SUPPLIED DATA:
*** Begin section ***

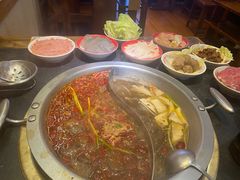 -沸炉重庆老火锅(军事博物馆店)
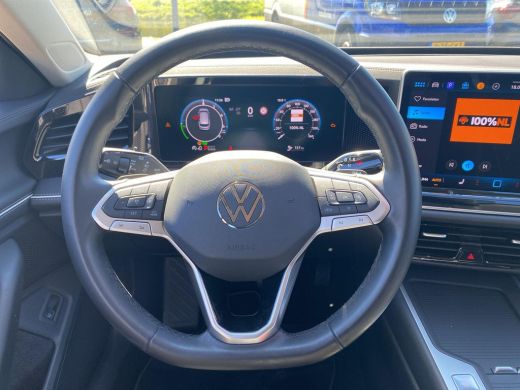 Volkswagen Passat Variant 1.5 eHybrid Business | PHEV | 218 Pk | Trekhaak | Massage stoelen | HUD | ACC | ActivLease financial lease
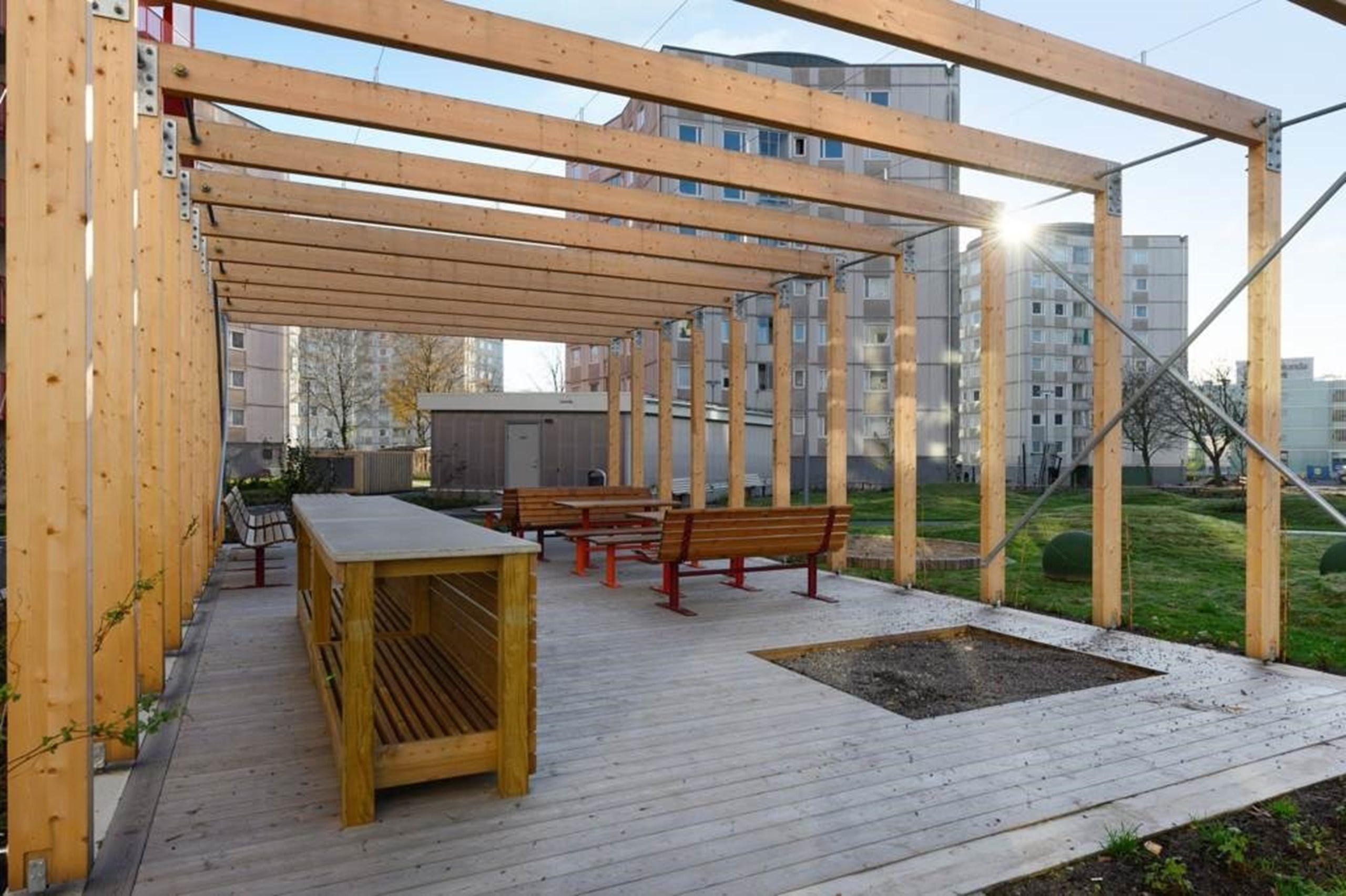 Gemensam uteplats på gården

*** End section ***

TASK BRIEF: None of the pictures belong in the copy; repeat all other material exactly.

TASK RESPONSE:
 -沸炉重庆老火锅(军事博物馆店)
 Volkswagen Passat Variant 1.5 eHybrid Business | PHEV | 218 Pk | Trekhaak | Massage stoelen | HUD | ACC | ActivLease financial lease
 Gemensam uteplats på gården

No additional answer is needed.